WORK TASK:
The line containing "Simple Stories - Life" marks where to begin. Write out that line and every line after it exactly, through the last line below.

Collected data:
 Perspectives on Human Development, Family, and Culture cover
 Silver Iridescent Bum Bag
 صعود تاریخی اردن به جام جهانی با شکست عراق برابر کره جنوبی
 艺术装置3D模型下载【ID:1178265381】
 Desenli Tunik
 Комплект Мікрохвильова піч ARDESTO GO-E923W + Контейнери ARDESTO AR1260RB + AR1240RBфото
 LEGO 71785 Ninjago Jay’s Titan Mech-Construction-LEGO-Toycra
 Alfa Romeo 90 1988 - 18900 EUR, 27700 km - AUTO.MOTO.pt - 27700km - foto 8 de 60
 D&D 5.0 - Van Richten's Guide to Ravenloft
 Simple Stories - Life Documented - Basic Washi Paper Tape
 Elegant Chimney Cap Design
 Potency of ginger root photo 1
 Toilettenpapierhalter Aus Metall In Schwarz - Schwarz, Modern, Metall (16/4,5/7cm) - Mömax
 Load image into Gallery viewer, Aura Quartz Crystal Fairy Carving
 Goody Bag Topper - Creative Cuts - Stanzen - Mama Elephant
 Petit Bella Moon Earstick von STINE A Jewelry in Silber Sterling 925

FINISHED TASK:
 Simple Stories - Life Documented - Basic Washi Paper Tape
 Elegant Chimney Cap Design
 Potency of ginger root photo 1
 Toilettenpapierhalter Aus Metall In Schwarz - Schwarz, Modern, Metall (16/4,5/7cm) - Mömax
 Load image into Gallery viewer, Aura Quartz Crystal Fairy Carving
 Goody Bag Topper - Creative Cuts - Stanzen - Mama Elephant
 Petit Bella Moon Earstick von STINE A Jewelry in Silber Sterling 925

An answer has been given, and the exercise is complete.